**Task to carry out:**
Exclude pictures; retype the lines below from the line containing "Los herederos del" through the end of the records, both ends kept.

↓↓↓

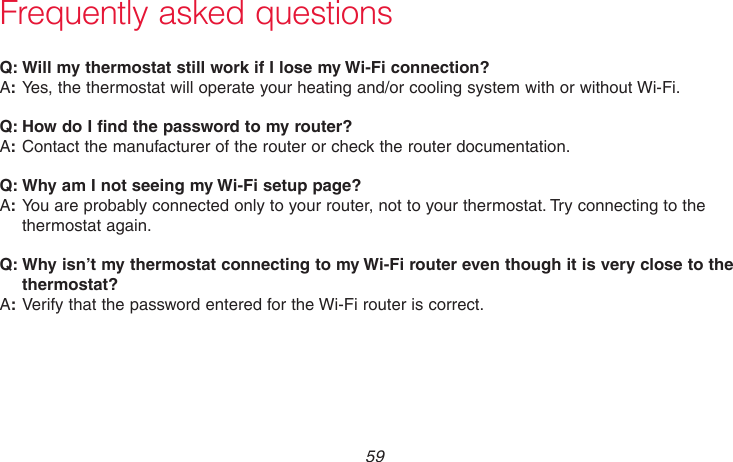  59 69-2715EF—01Frequently asked questions:Q Will my thermostat still work if I lose my Wi-Fi connection?:AYes, the thermostat will operate your heating and/or cooling system with or without Wi-Fi.:Q How do I find the password to my router?:AContact the manufacturer of the router or check the router documentation.:Q Why am I not seeing my Wi-Fi setup page?:AYou are probably connected only to your router, not to your thermostat. Try connecting to the thermostat again.:Q Why isn’t my thermostat connecting to my Wi-Fi router even though it is very close to the thermostat?:AVerify that the password entered for the Wi-Fi router is correct.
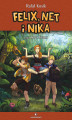 Okładka książki: Felix, Net i Nika oraz Zero Szans
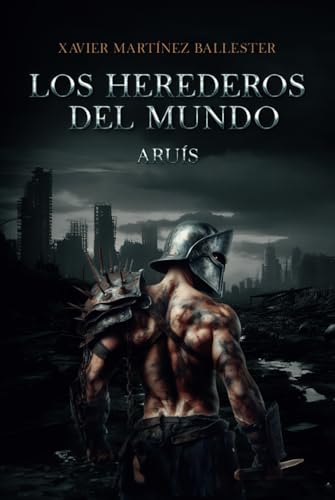 Los herederos del mundo. Aruís: Aventura distópica, de acción bélica y militar, en una sociedad postapocalíptica en lucha por la supervivencia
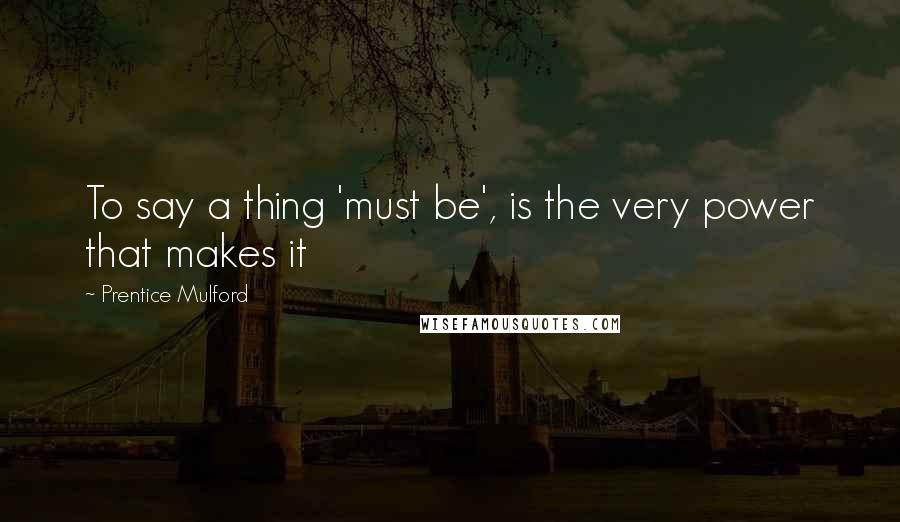 Prentice Mulford Quotes: To say a thing 'must be', is the very power that makes it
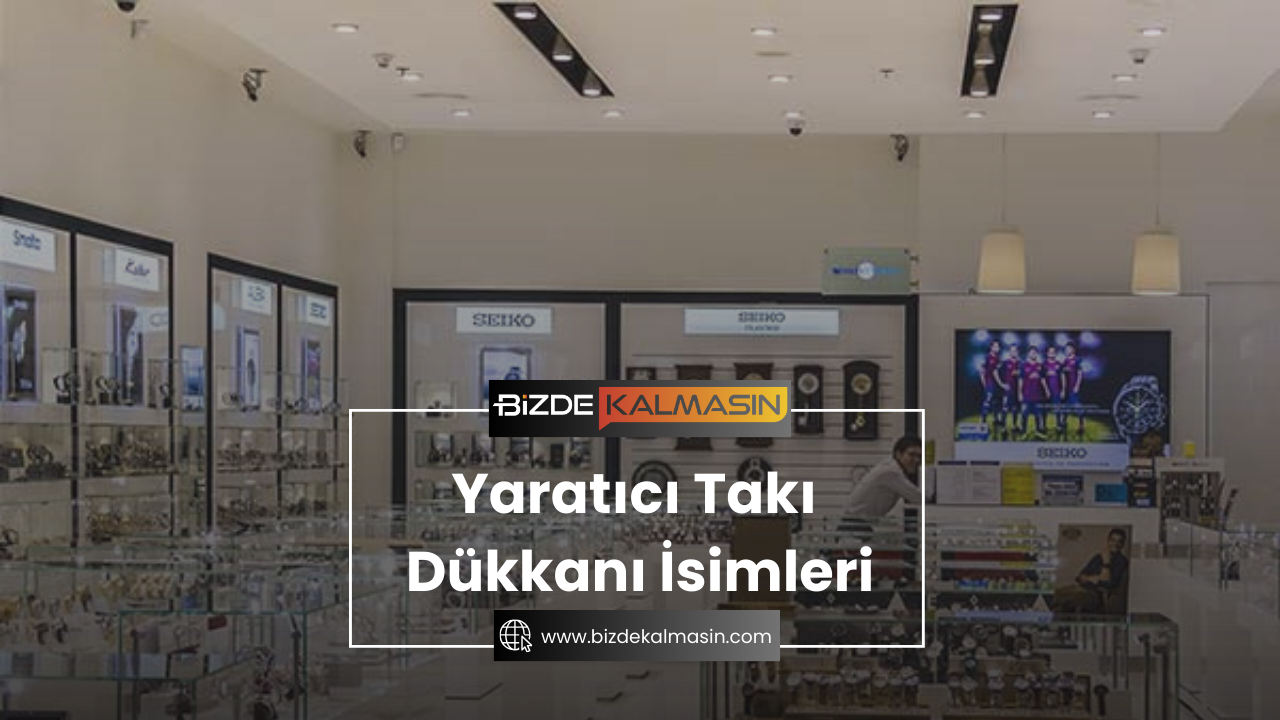 Yaratıcı Takı Dükkanı İsimleri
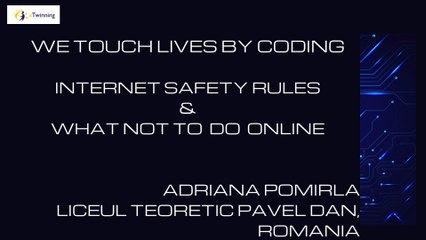 We touch lives by coding Internet safety rules and what not to do online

↑↑↑

**Solution for this problem:**
 Los herederos del mundo. Aruís: Aventura distópica, de acción bélica y militar, en una sociedad postapocalíptica en lucha por la supervivencia
 Prentice Mulford Quotes: To say a thing 'must be', is the very power that makes it
 Yaratıcı Takı Dükkanı İsimleri
 We touch lives by coding Internet safety rules and what not to do online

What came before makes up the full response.